Your assignment ->
All of the data below must be reproduced word for word, but without its images.

Segment Open

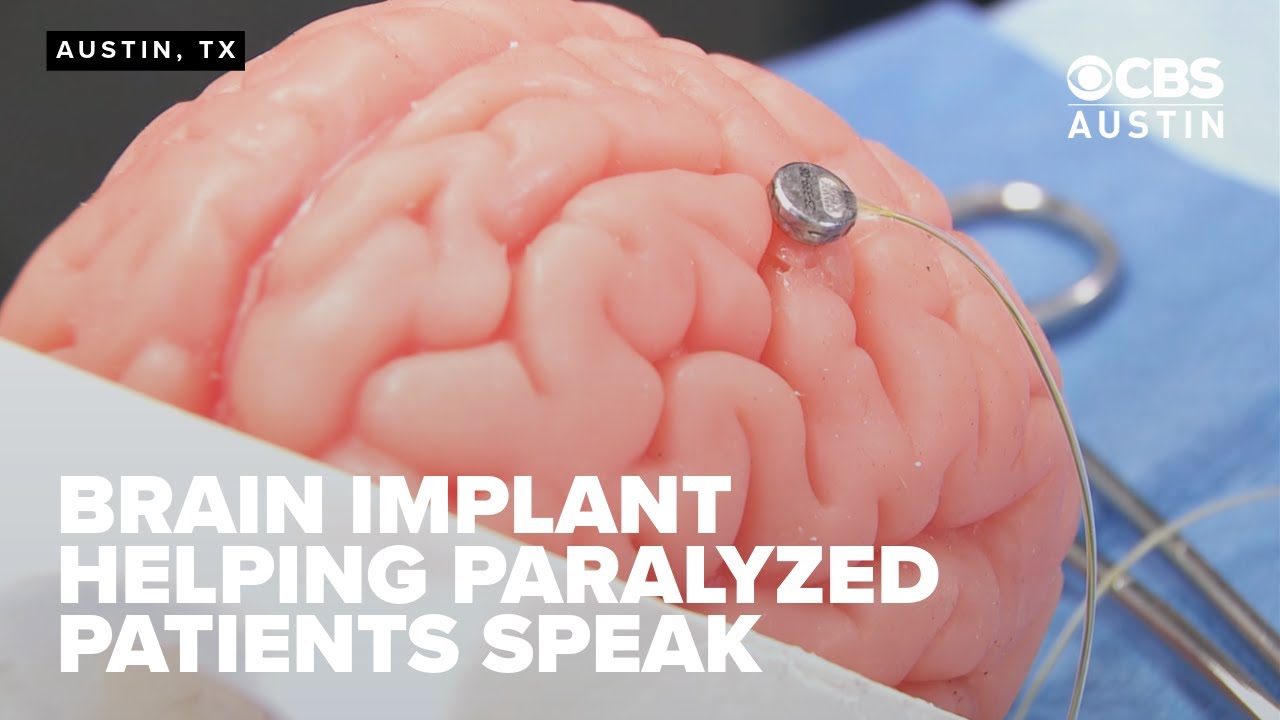 Austin's Paradromics advances Brain-Computer Interface with successful surgery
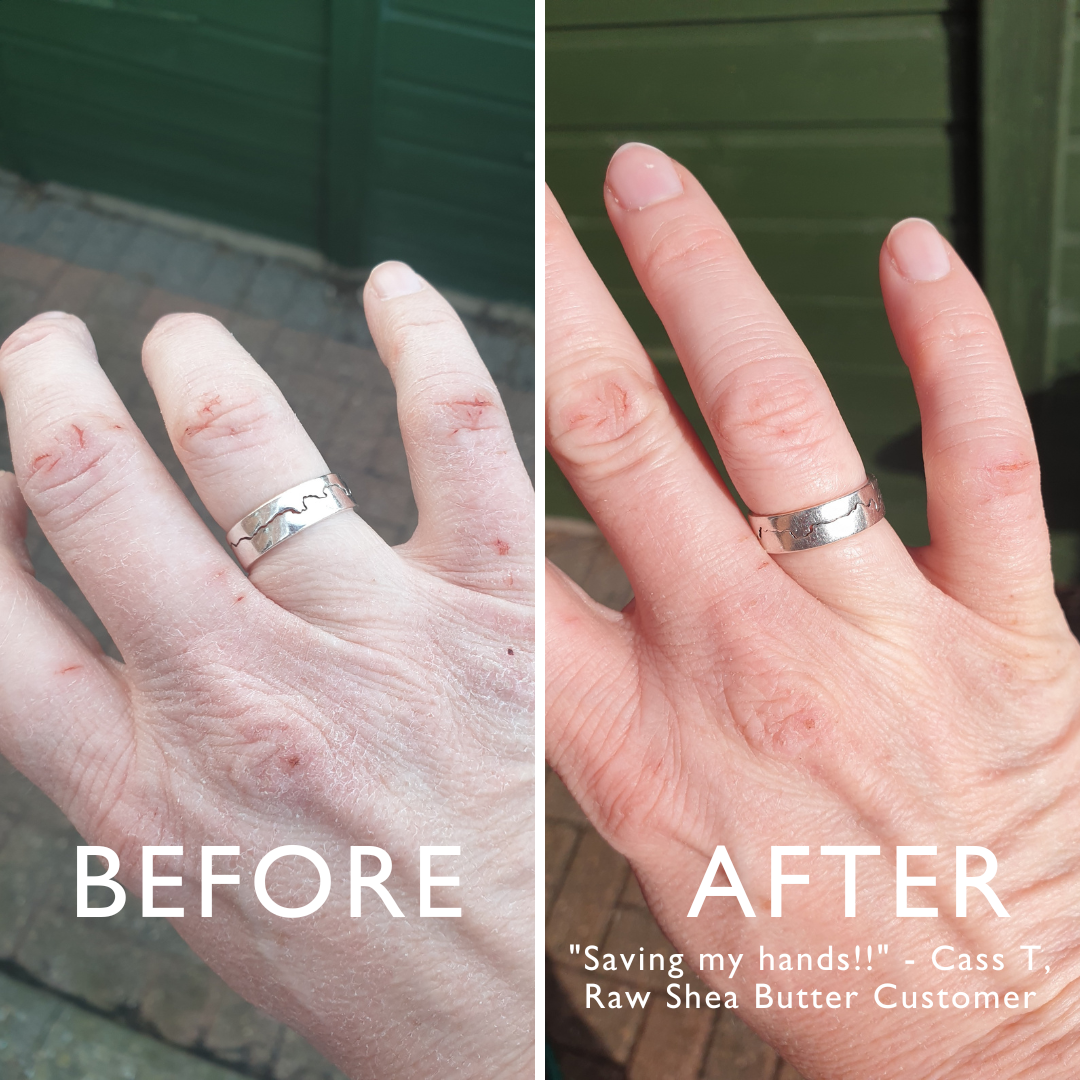 Shea moisture online eczema cream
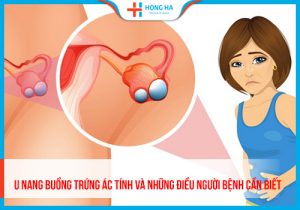 Nguyên nhân u nang buồng trứng ác tính và cách phòng ngừa bệnh hiệu quả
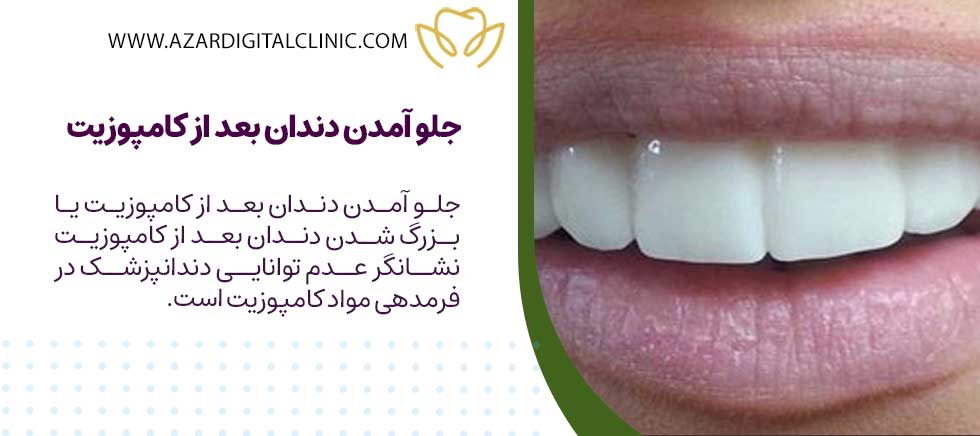 جلو آمدن دندان بعد از کامپوزیت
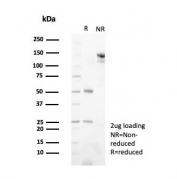 SDS-PAGE analysis of purified, BSA-free PGP9.5 antibody (clone UCHL1/8152) as confirmation of integrity and purity.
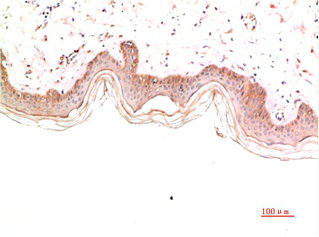 COL4A1 Antibody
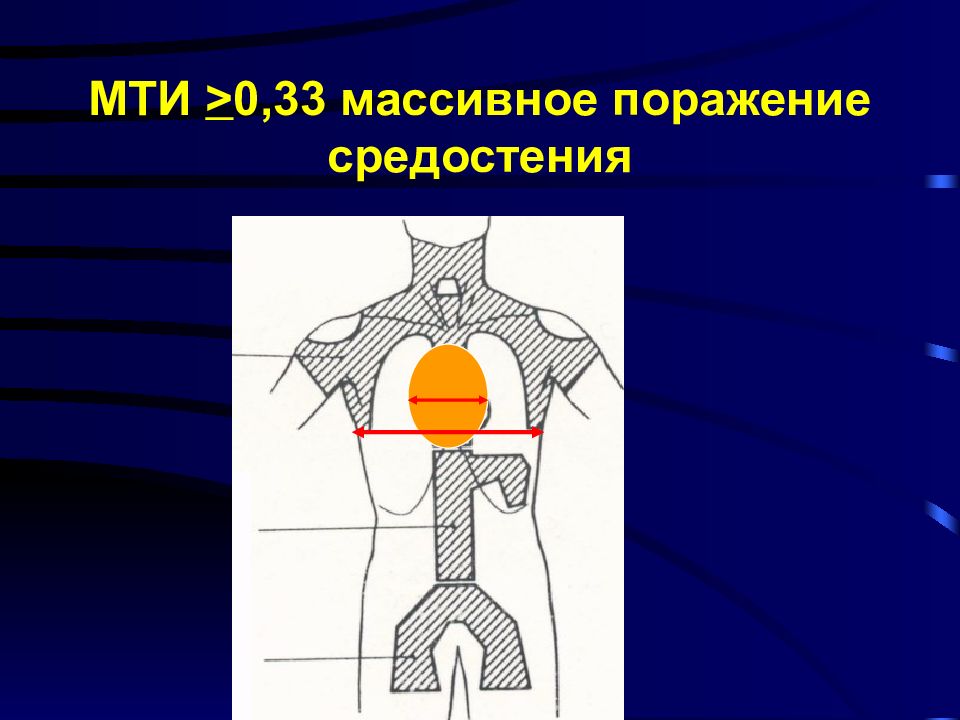 Презентация на тему лимфома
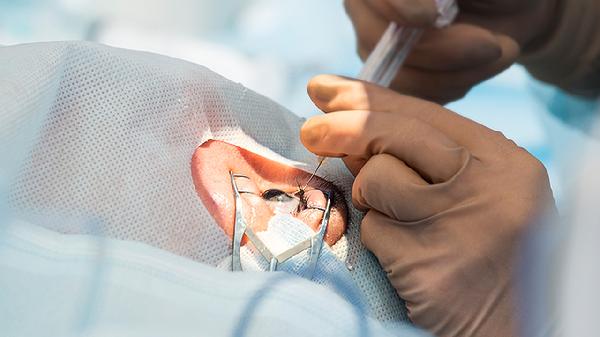 眼角腫了是怎么回事？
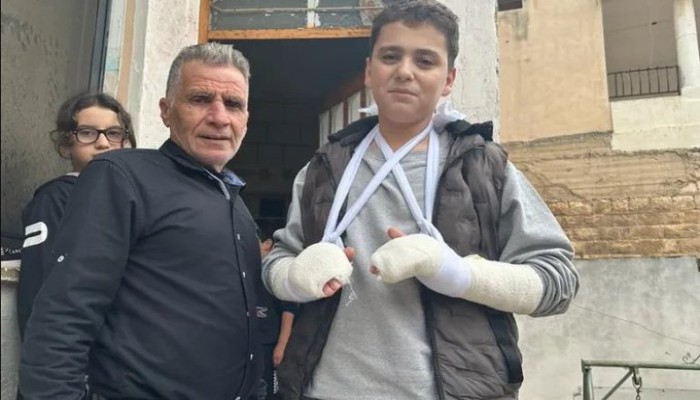 الصور الفاصلة .. فارق المعاملة بين القسام وتشوهات التعذيب بسجون الاحتلال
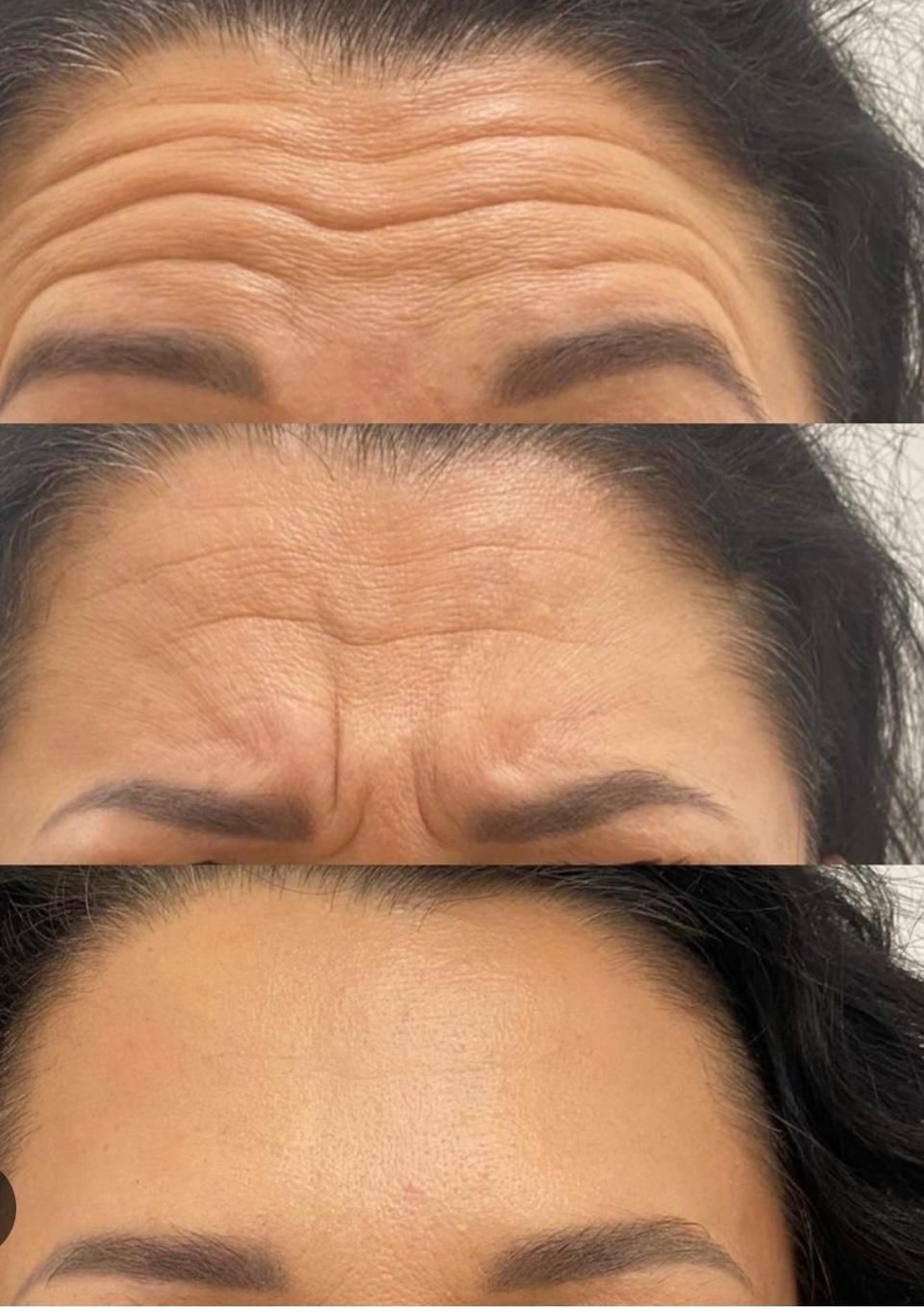 تزریق ژل و بوتاکس|خدمات آرایشگری و زیبایی|اصفهان, سنبلستان|دیوار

Segment Closed

Reply to the task ->
 Austin's Paradromics advances Brain-Computer Interface with successful surgery
 Shea moisture online eczema cream
 Nguyên nhân u nang buồng trứng ác tính và cách phòng ngừa bệnh hiệu quả
 جلو آمدن دندان بعد از کامپوزیت
 SDS-PAGE analysis of purified, BSA-free PGP9.5 antibody (clone UCHL1/8152) as confirmation of integrity and purity.
 COL4A1 Antibody
 Презентация на тему лимфома
 眼角腫了是怎么回事？
 الصور الفاصلة .. فارق المعاملة بين القسام وتشوهات التعذيب بسجون الاحتلال
 تزریق ژل و بوتاکس|خدمات آرایشگری و زیبایی|اصفهان, سنبلستان|دیوار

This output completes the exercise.